■ **WHAT IS REQUIRED**: An exact copy is needed of the lines in the entries below from the line with "Used Toyota Highlander" up to and including the line with "ESTATE SECTION - Residential", and of nothing else. Leave the pictures out.

::: SUPPLIED MATERIAL :::

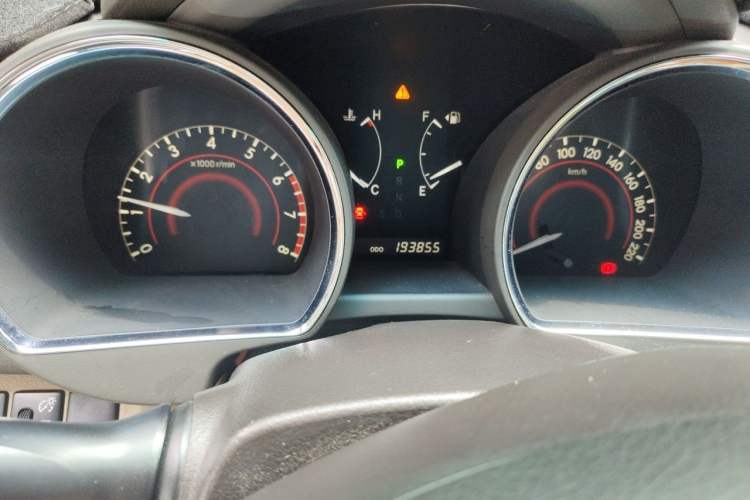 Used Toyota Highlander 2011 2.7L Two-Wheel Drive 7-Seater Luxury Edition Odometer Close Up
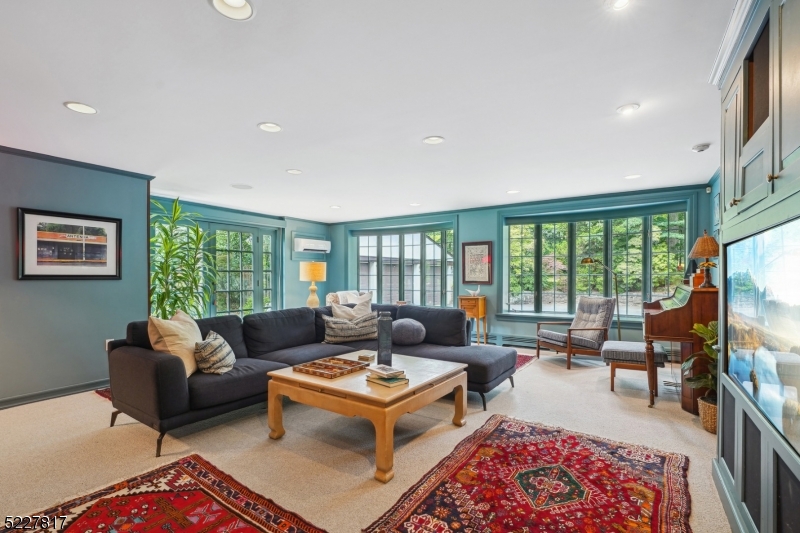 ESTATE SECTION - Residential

:::
::: SUPPLIED MATERIAL :::

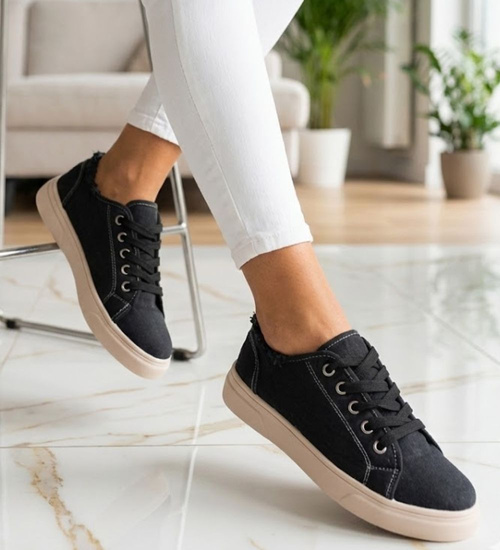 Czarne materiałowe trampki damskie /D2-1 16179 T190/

:::
::: SUPPLIED MATERIAL :::

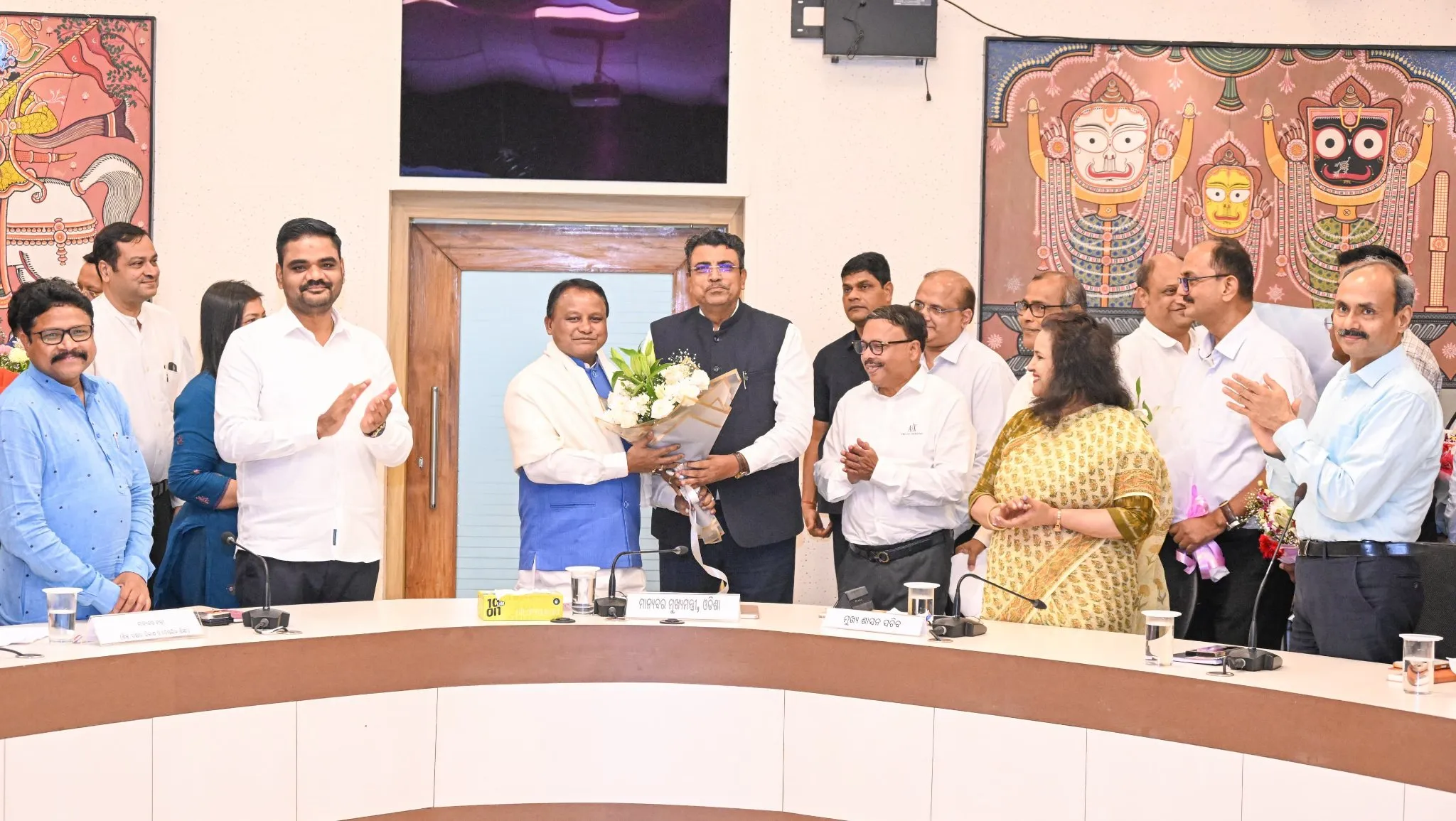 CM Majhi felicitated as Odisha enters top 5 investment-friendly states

:::

■ **EXERCISE SOLUTION**:
 Used Toyota Highlander 2011 2.7L Two-Wheel Drive 7-Seater Luxury Edition Odometer Close Up
 ESTATE SECTION - Residential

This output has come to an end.